1 septembre 2019

Doscientos cincuenta

HA dicho Arnaldo Otegui: «Hay doscientos cincuenta presos de Eta y habrá doscientos cincuenta recibimientos». Se refería a los homenajes a los presos que van saliendo de la cárcel, a veces tras largas condenas por crímenes horribles. Muchos de esos recibimientos los acompañan de antorchas al más puro estilo Leni Riefenstahl. El dirigente justificó estas algazaras   pirotécnicas: «No estamos dispuestos a que nos digan a quién podemos recibir ni a quién podemos abrazar». 

El debate del siglo XIX sobre las penas carcelarias  no ha cesado.

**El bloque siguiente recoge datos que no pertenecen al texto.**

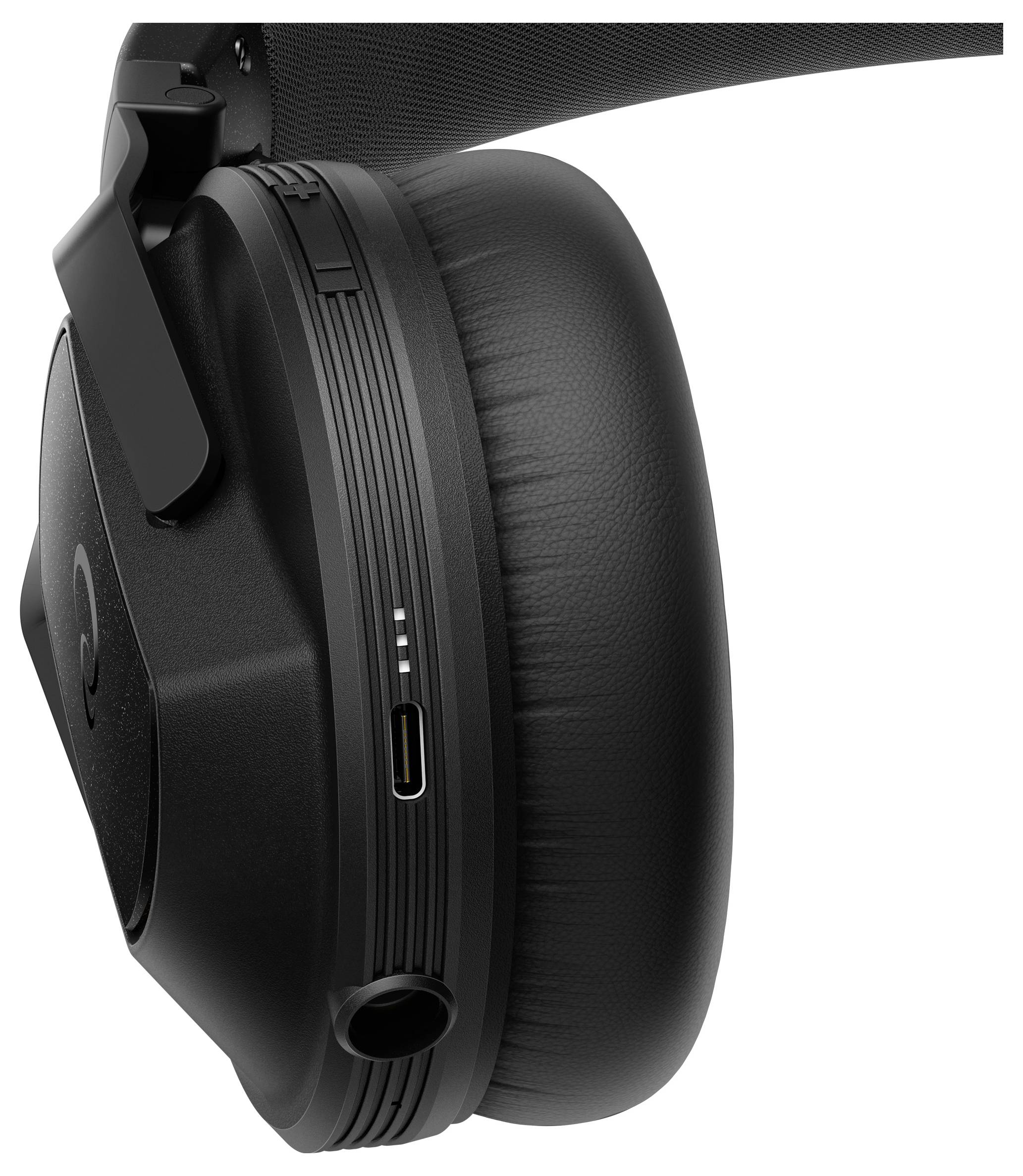 Schwarzer Over-Ear-Kopfhörer von der Seite, mit sichtbarer USB-C-Anschlussbuchse, Lautstärkeregler und Mikrofonöffnung.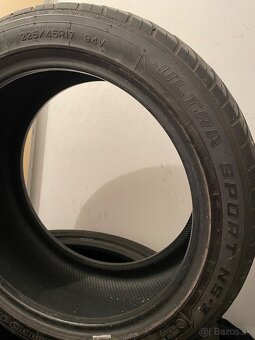 Predám letné pneu 225/45 R17 - 4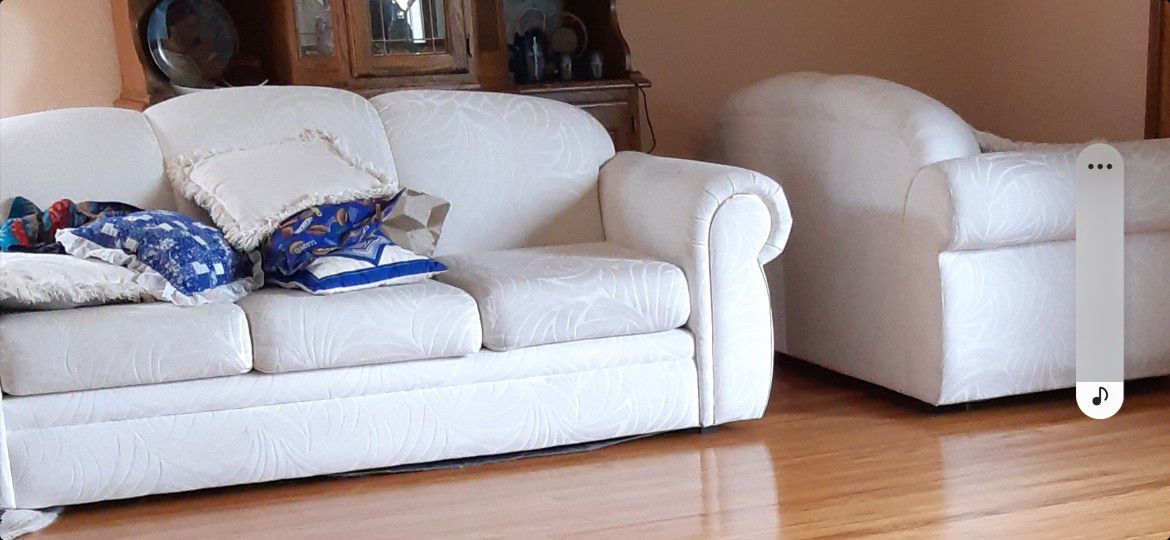 Couch / Sofa, White, 3 Cushion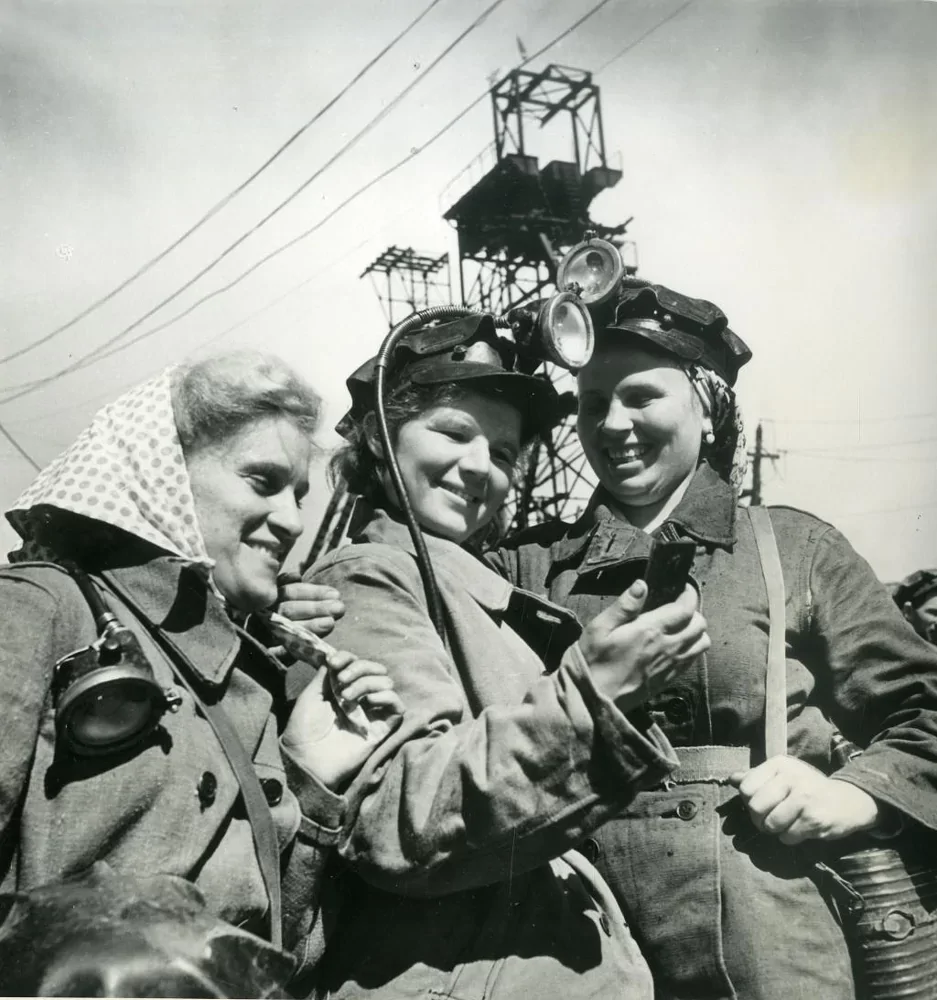 Мотористки Ф.Н. Казакова, В.В. Лазарева и Е.С. Харитонова перед спуском в шахту.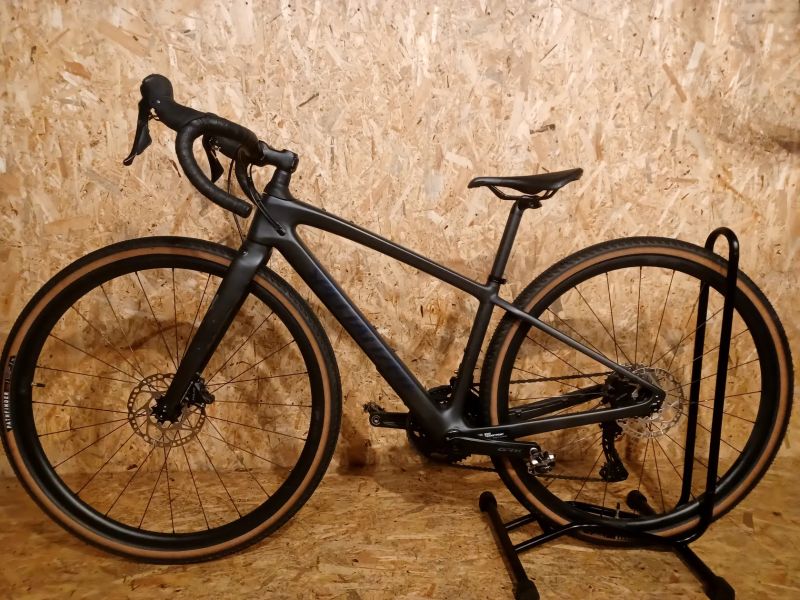 Gravel Specialized Diverge Sport CARBON 2025, velikost rámu 44 (142-152cm)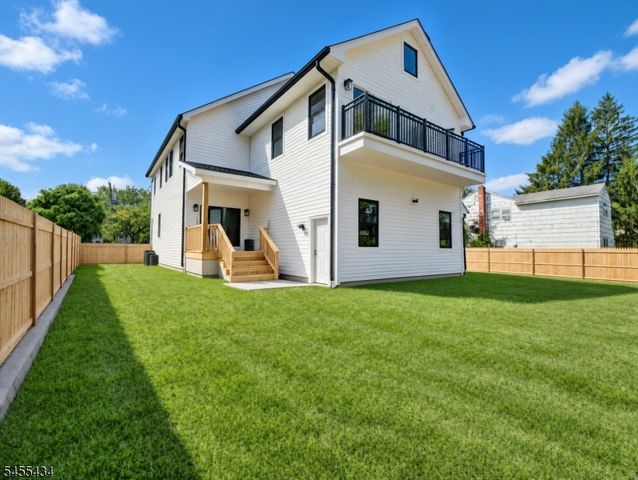 314 Madison Hill Rd, Clark Twp., NJ 07066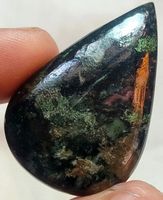 Cabochon L-2589 – Eudialyt – 34X23X5 mm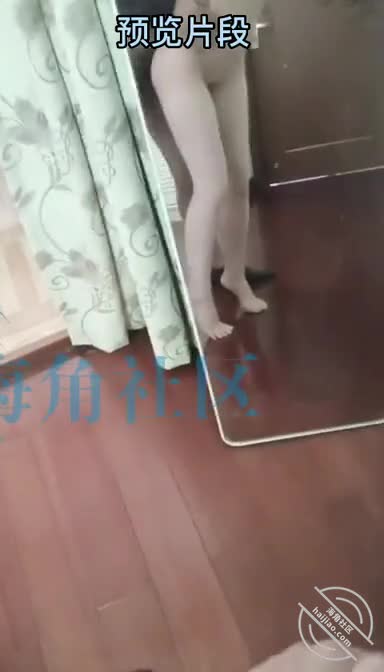 9趁老婆睡觉，鬼父夜潜18岁女儿卧室，疯狂的蹂躏女儿嫩胸和嫩穴（视频贴）[可爱女儿恬恬]@YYWY88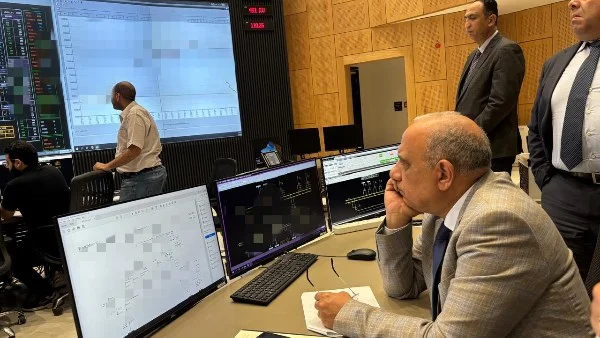 وزير الكهرباء يؤكد أهمية التحكم في الشبكة الكهربائية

Su cumplimiento persigue no tanto el arrepentimiento del reo (al fin y al cabo quién puede saber lo que lleva en su cabeza un asesino, y más aún descerebrado), sino su reinserción social, esta mucho más fácil de comprobar conforme a las leyes que nos rigen a todos. Es sabido que la mayor parte de los presos de Eta no se han arrepentido de ninguno de los asesinatos que cometieron, al contrario, y que tampoco necesitan reinsertarse porque no vuelven al mundo de la ley, sino a la misma comunidad de doscientas mil personas que los alentaron para que los cometieran. Por eso regresan como héroes y no como villanos. El propio Otegui lo expuso con su proverbial  jovialidad: «Lo siento si hemos generado más dolor a las víctimas del que teníamos derecho a hacer». O sea, volverán a causarlo, si está en su mano y se dan las circunstancias.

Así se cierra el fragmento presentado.